Wednesday, May 28, 2014

Still road tripping: Days 11 and 12! Taos Clay & Mesa Verde National Park

Tuesday morning we said good bye to our wonderful couch surfing host, Tyler. Before leaving New Mexico, we finally got the chance to go on a short hike at Camp Glorieta. It was a bit muddy but that didn't hurt the beauty. On our way back north to Colorado we stopped for lunch in Taos at the Farmhouse Bakery and Cafe. Farmhouse is a farm to table restaurant with an on site-garden. Our table was facing the same mountains that we just can't get enough of. I ate an elk burger with purple potatoes. Jeni enjoyed a delicious gluten free veggie lasagne and a salad.
Photo from our morning hike and the Rio Grande Gorge.

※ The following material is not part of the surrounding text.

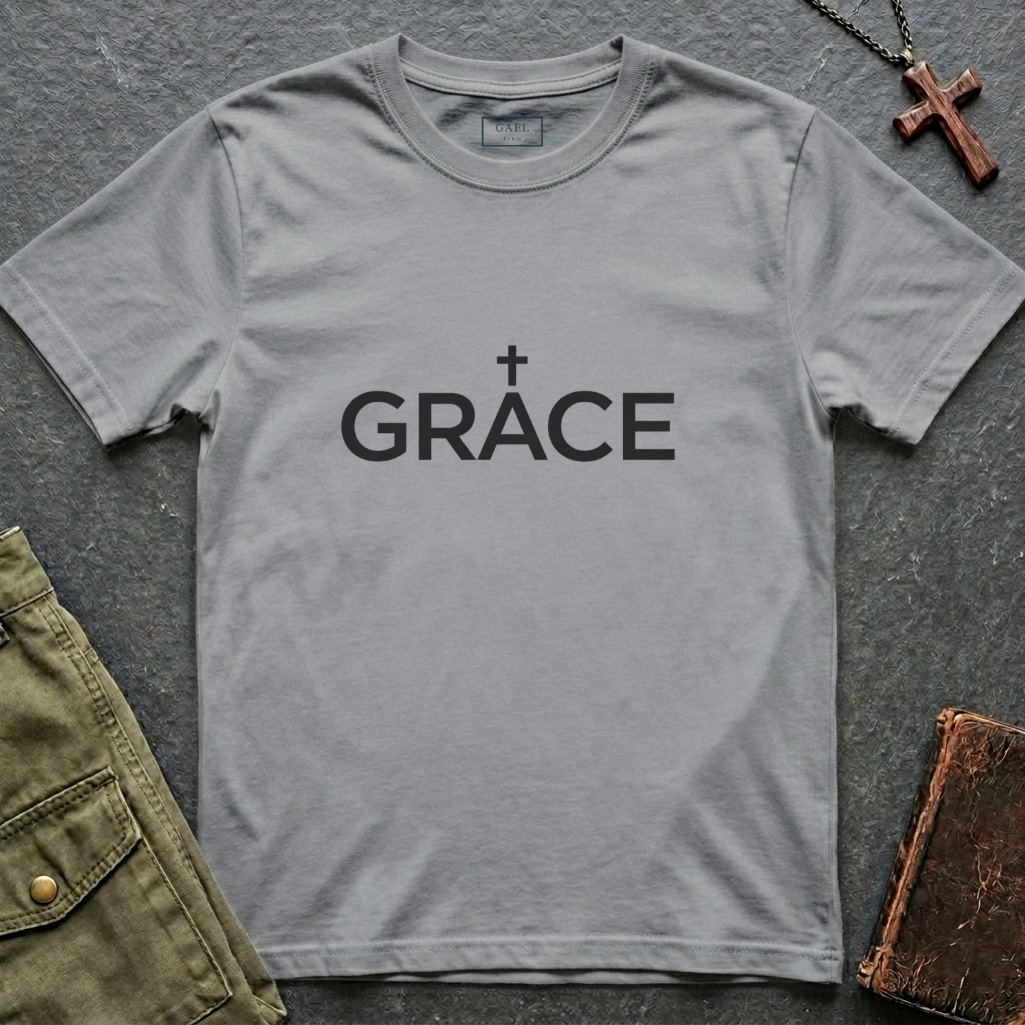 Grace text cross T-shirt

After lunch we visited Taos Clay. We had a wonderful visit and tour with Brandi Jessup, the executive director. Brandi was young, ambitious and full of energy. I can't wait to see how Taos Clay strengthens in the next couple of years. They had a gallery that supported community members as well as a contemporary exhibition filled with some familiar and some unfamiliar atmospheric potters. If we had more money I would have purchased a Perry Haas tumbler, perhaps at NCECA. Taos Clay offers a long term artist-in-residence program and they have plans for a short term residency position in the future.
After Taos we drove into the San Juan National Forest and camped a few miles from the entrance to Mesa Verde National Park. We have been very fortunate and this was the first time in our trip we paid for lodging. The camp ground was affordable and absolutely worth it! 
Early this morning we packed up camp and drove into Mesa Verde National Park. Mesa Verde has over 4,500 archeological sites including over 600 cliff dwilings from built by the Ancestrial Pueblos. The only way to actually visit some of the main cliff dwilings was to pay for a tour. At $4.00 a tour we said yes! The trip into the cliff dwilings was unbelievable and one of my favorite exploration so far on our trip. The Ancestrial Pueblos were farmers and they grew their crops (mostly corn, beans, and squash) on top of the mesa and lived down below.